Image-caption web data:
○ ○ ○ ○ ○
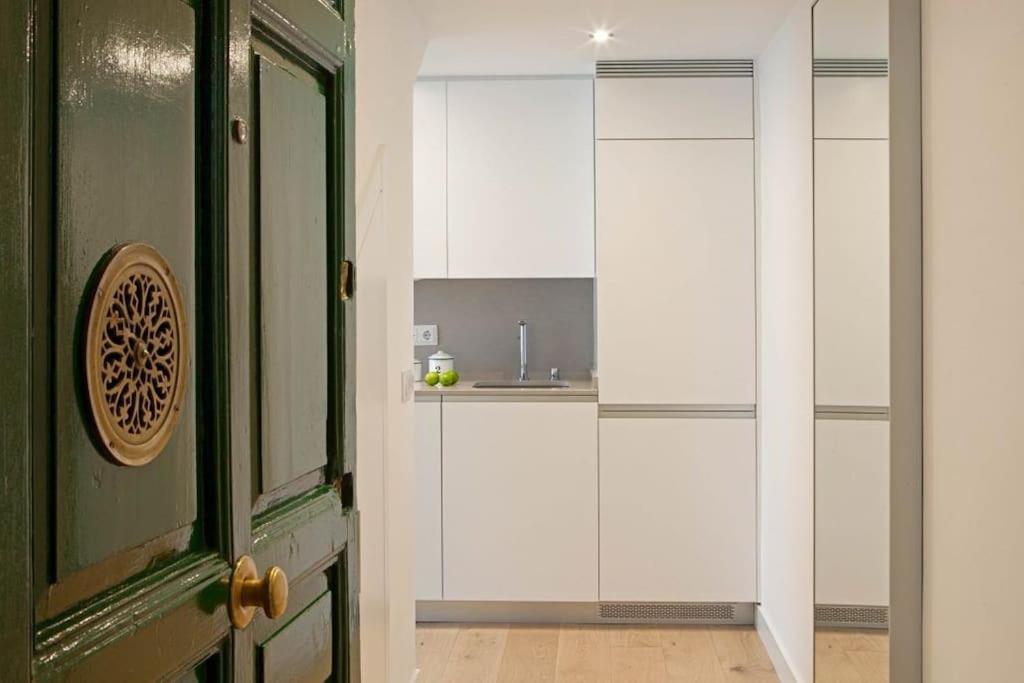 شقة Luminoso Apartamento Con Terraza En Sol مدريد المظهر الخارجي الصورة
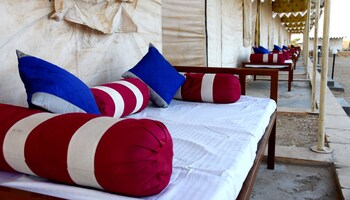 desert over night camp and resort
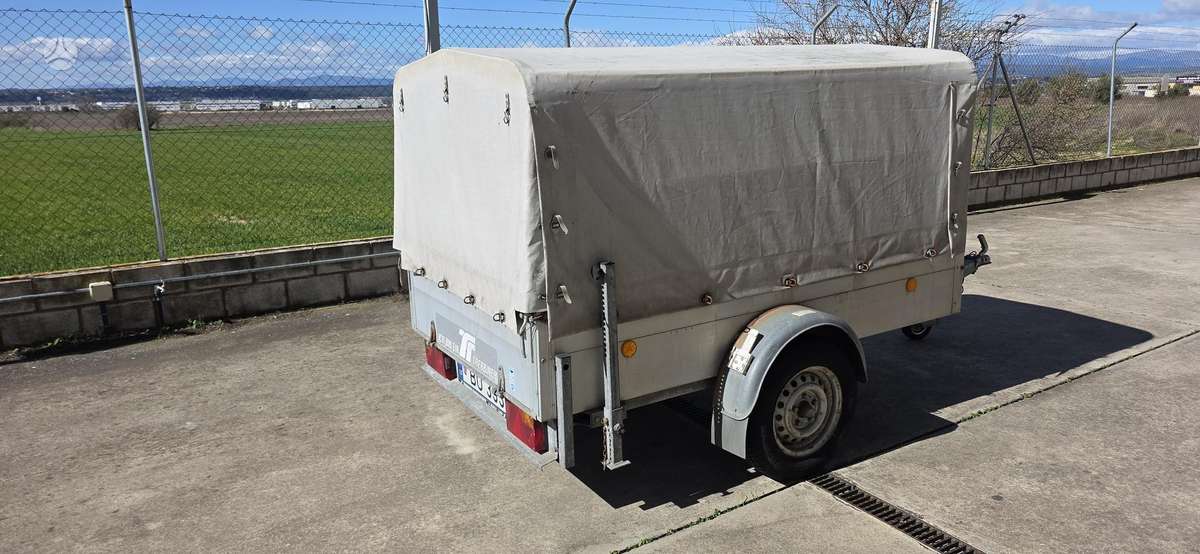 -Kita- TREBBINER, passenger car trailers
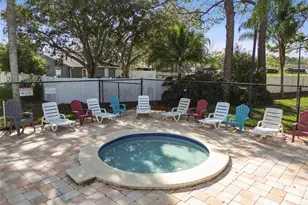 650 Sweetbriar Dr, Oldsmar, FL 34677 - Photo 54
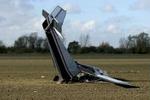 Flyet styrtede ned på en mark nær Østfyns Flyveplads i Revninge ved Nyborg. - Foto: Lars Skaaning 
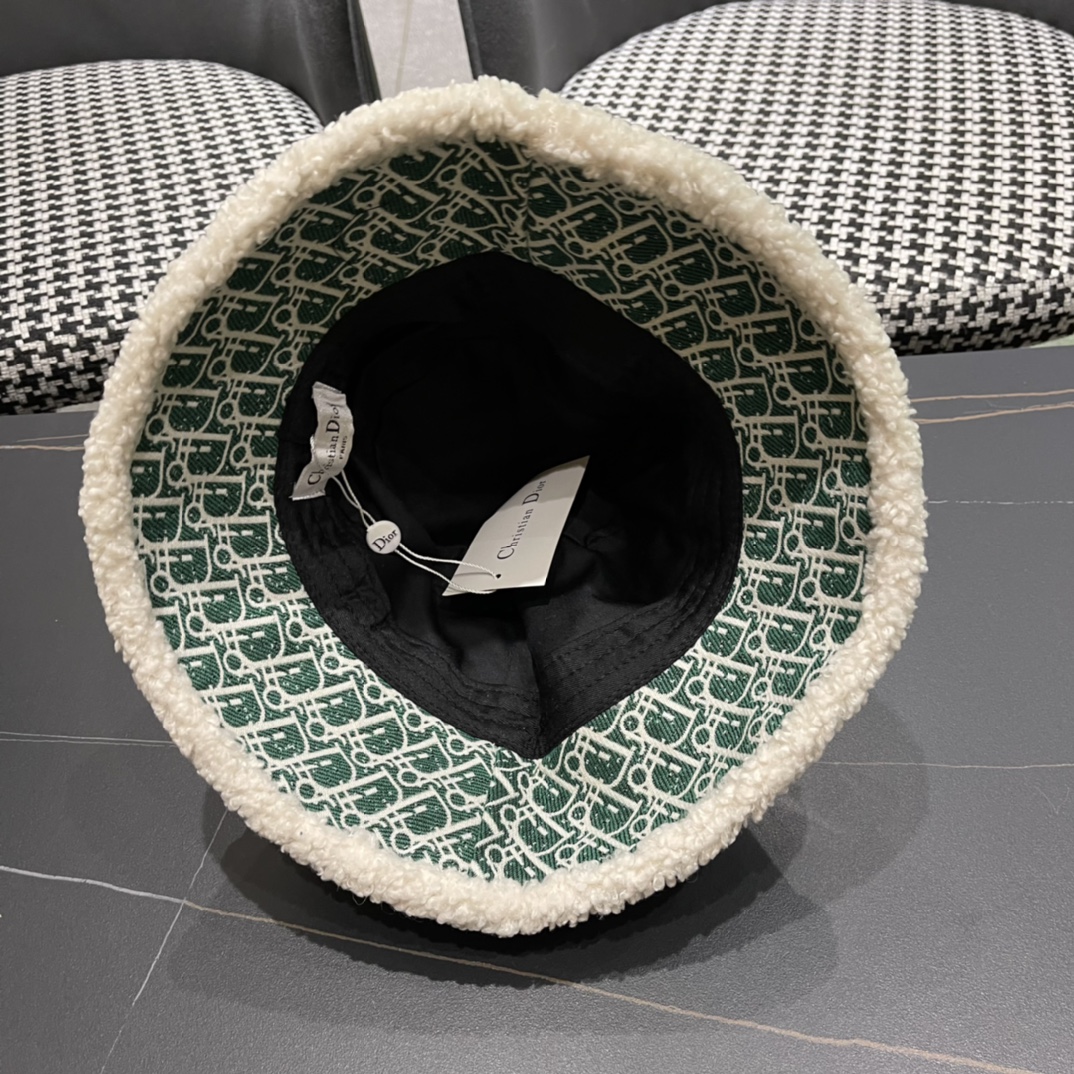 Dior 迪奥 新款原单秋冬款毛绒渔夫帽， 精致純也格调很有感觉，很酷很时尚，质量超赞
○ ○ ○ ○ ○
Exercise brief:
Your answer must consist only of the lines from the one containing "desert over night camp and resort" through the end of the entries, restated word for word, with no pictures.

Your solution:
 desert over night camp and resort
 -Kita- TREBBINER, passenger car trailers
 650 Sweetbriar Dr, Oldsmar, FL 34677 - Photo 54
 Flyet styrtede ned på en mark nær Østfyns Flyveplads i Revninge ved Nyborg. - Foto: Lars Skaaning 
 Dior 迪奥 新款原单秋冬款毛绒渔夫帽， 精致純也格调很有感觉，很酷很时尚，质量超赞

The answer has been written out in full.